As mentioned in the earlier blog, the dispute revolved around whether US courts can overturn an investor-state arbitration award if an investor did not comply with a requirement to go to national courts before turning to international arbitration.
The four liberal justices (Sotomayor, Ginsburg, Breyer and Kagan) made roughly 24 interventions (7, 7, 7 and 3). Almost all of these were skeptical of Argentina’s arguments, and appeared concerned that the US would be going against international law norms if it were to not defer to learned arbitrators.
Turning to the conservative justices, Justice Scalia asked six clarifying questions, while Alito asked three clarifying questions and five Argentina-skeptical questions. Justice Thomas did not speak (he never does), while swing vote Anthony Kennedy made 5 interventions that were skeptical of Argentina’s position.
Only Chief Justice Roberts made a series of interventions that appeared to favor Argentina. In addition to 3 clarifying questions, he posed 4 questions that suggested that sovereigns are special, that investors need to also play by the rules of treaties, and that there is a non-trivial role for pre-arbitration dispute resolution requirements.
Based purely on the tenor of the oral arguments, I would predict some type of BG Group victory. Only 4 of around 53 interventions seemed receptive to Argentina, and those four were really about Chief Justice Roberts contemplating a broader sovereignty argument that was not reflective of arguments that Argentina’s counsel actually made. It seems that Argentina’s counsel made a strategic decision (probably dictated in part by the limited legs they had to stand on given the lack of appeal options in investor-state arbitration) to focus on a very narrow aspect of the investor-state system related to consent.

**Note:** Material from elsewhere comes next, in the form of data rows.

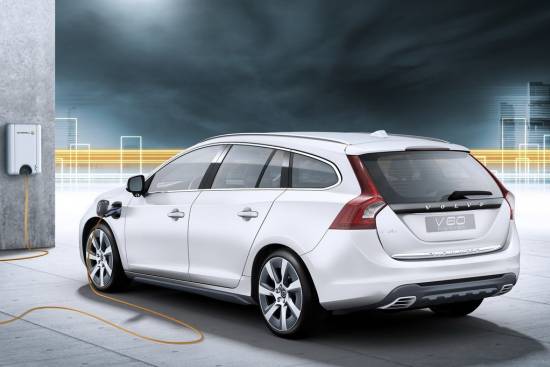 Volvo v letu 2013 emisije CO2 znižal za kar 8,4 %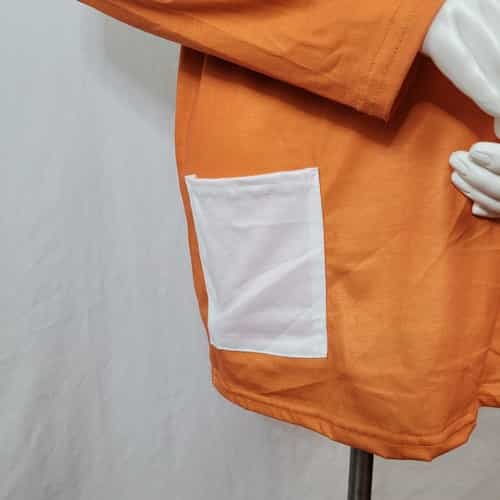 orange-and-creme-black-cat-and-pumpkin-halloween-color-block-shirt-size-2xl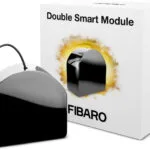 Fibaro Double Module Smart Switch Z-Wave 6A FGS-224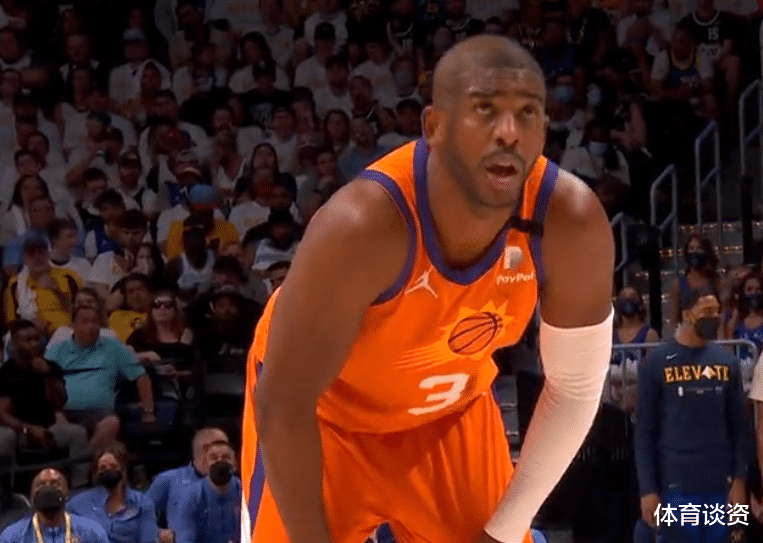 保罗|3-0！保罗一只脚踏进西决，联手当代科比冲冠，双巨头55+12+12齐爆发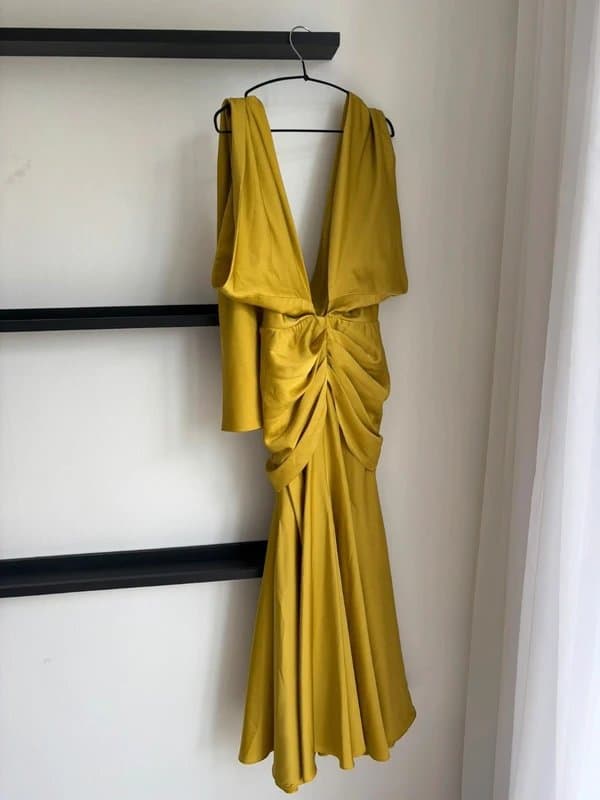 ASOS Asos Luxe Evening Gown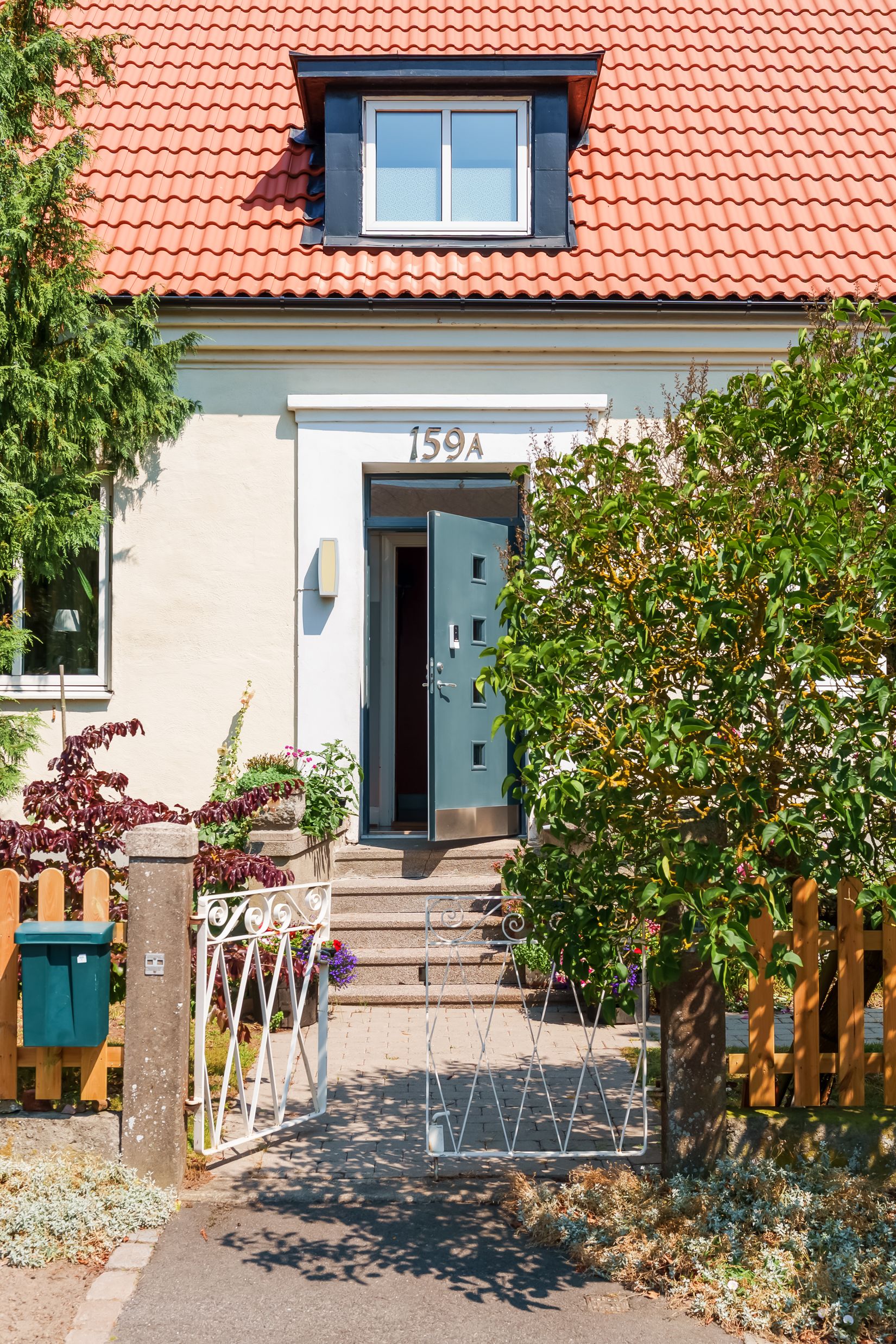 Villa, Radhus, Östra Förstadsgatan 159A, Trelleborg Öster, Trelleborg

If there had been a way to get more of Argentina’s sovereign and policy concerns on the substance on the record, the tenor might have been different, particularly vis a vis the liberal justices.
That said, one benefit of Argentina’s legal strategy is that it seems to put the justices in a box. Would they be willing to go on the record as saying that the Argentine courts are completely futile – so futile that BG Group didn’t need to even formally register their grievances there despite explicit treaty language to the contrary? This would go against comity doctrines where national courts typically defer to one another.
The justices will have to decide whether they place greater value on comity or deference to international arbitrators. After today’s hearings, it is anyone’s guess how it will go.